Source records:
════

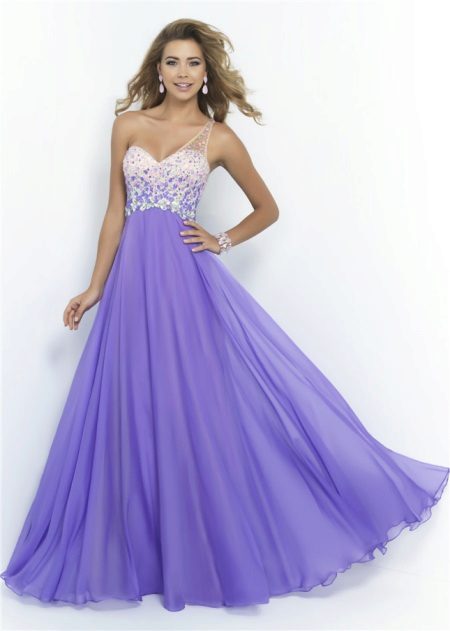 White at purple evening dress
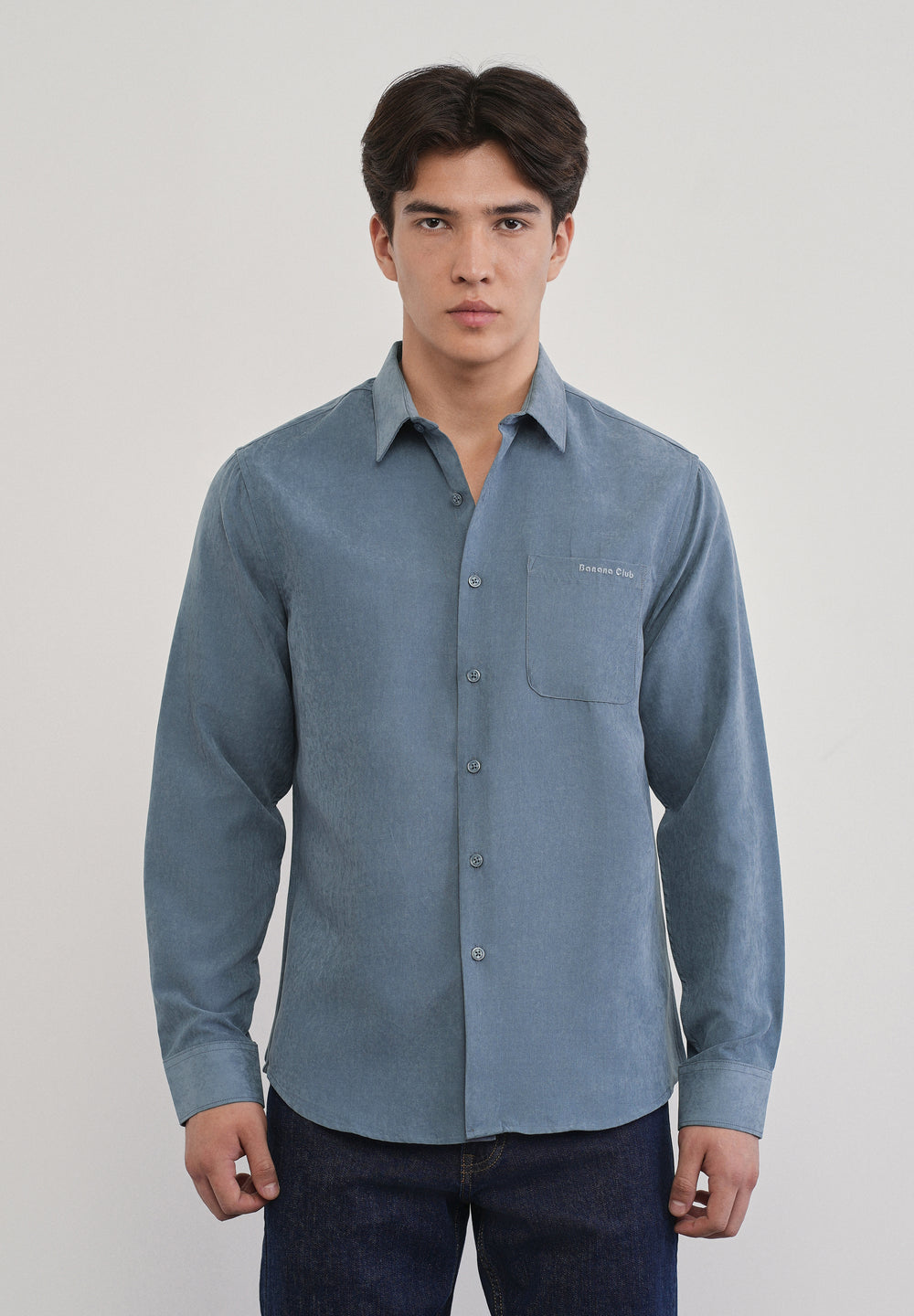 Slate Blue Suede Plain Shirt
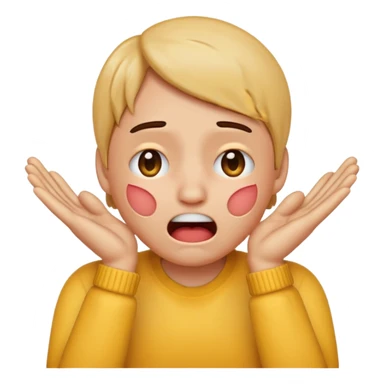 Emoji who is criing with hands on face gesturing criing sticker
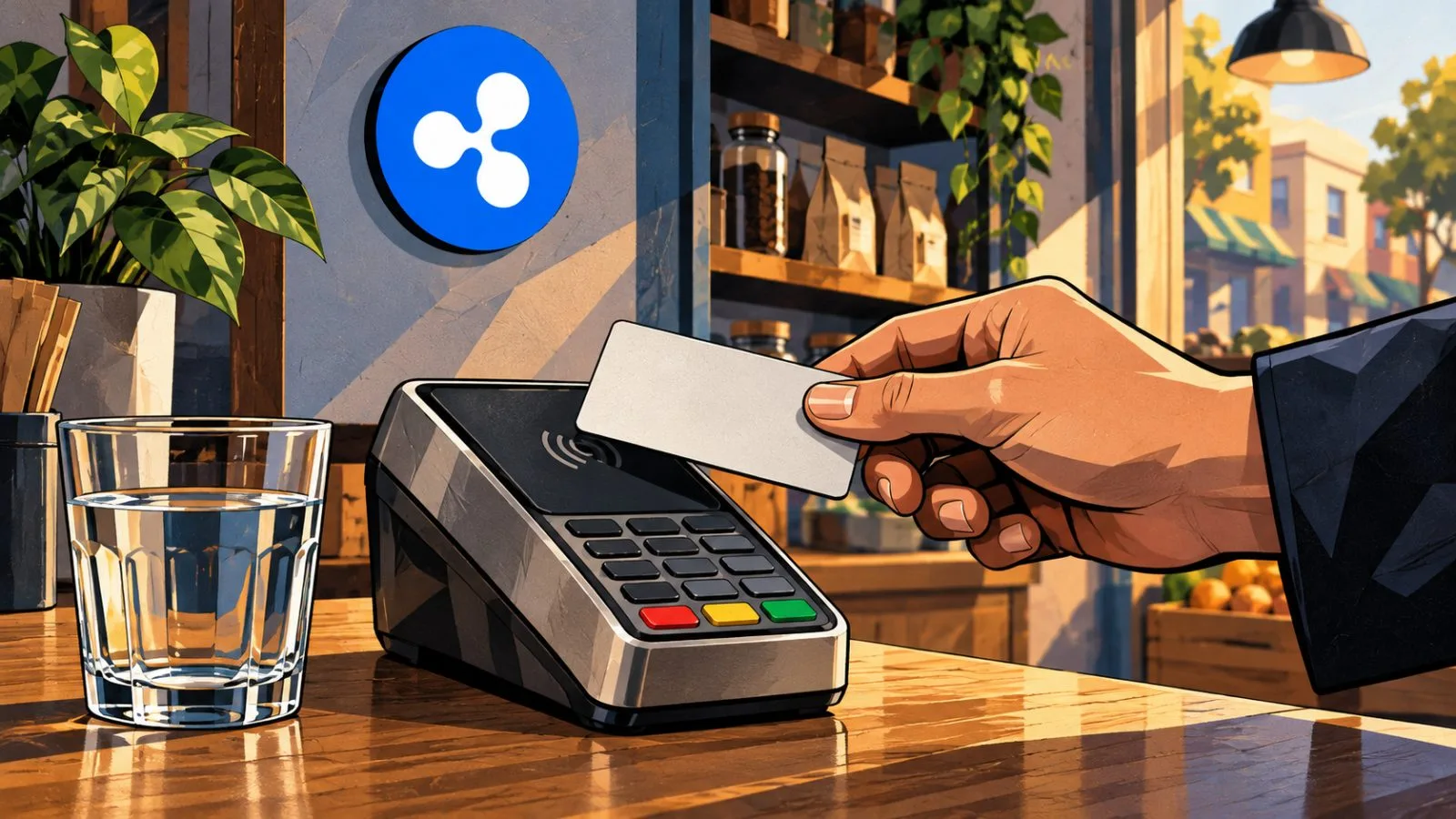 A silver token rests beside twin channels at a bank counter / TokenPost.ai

════

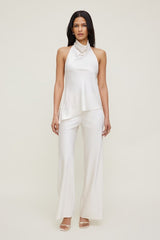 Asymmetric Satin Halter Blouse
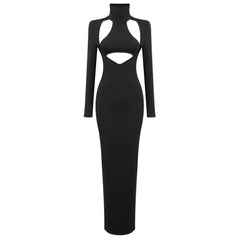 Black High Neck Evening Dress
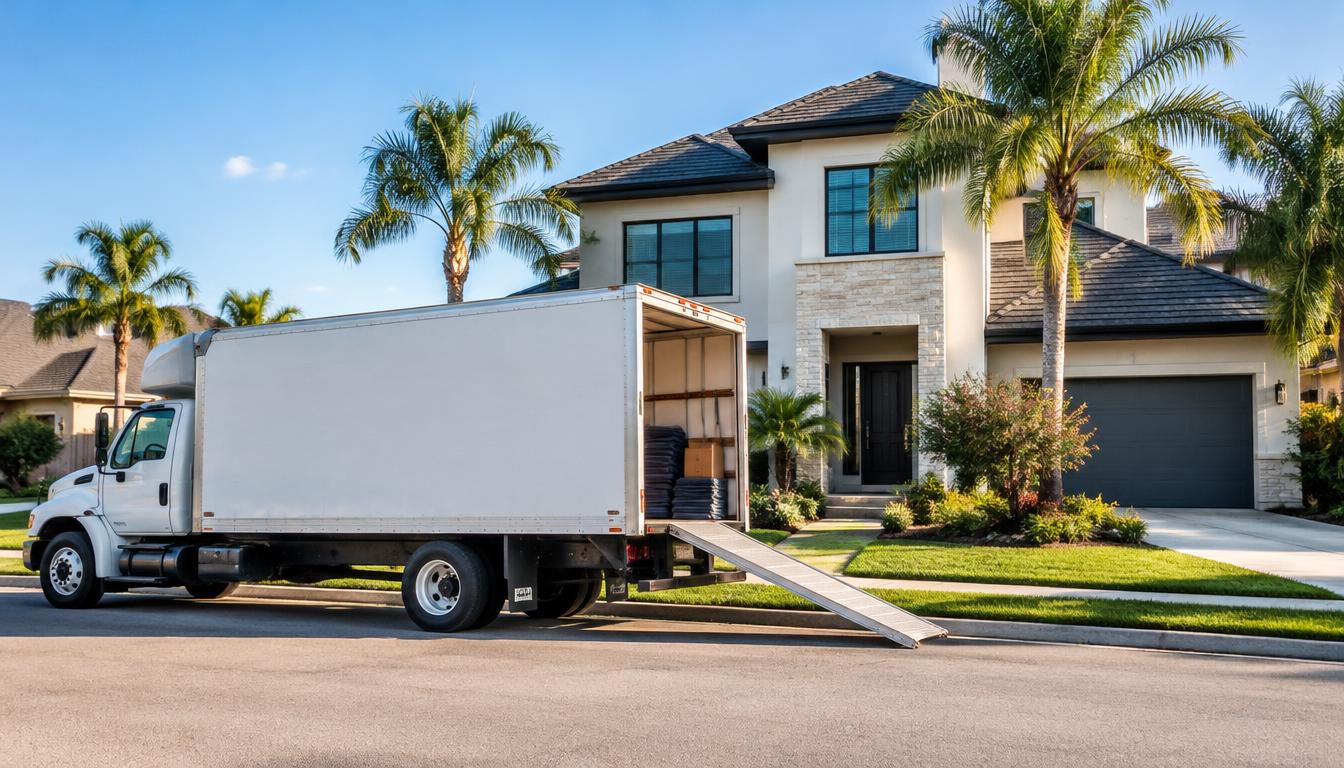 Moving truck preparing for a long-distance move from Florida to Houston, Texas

════

What you need to do: Among the entries above, take the line with "Emoji who is", the line with "A silver token", and all the lines between them, and restate them word for word without pictures.

Response to this task:
 Emoji who is criing with hands on face gesturing criing sticker
 A silver token rests beside twin channels at a bank counter / TokenPost.ai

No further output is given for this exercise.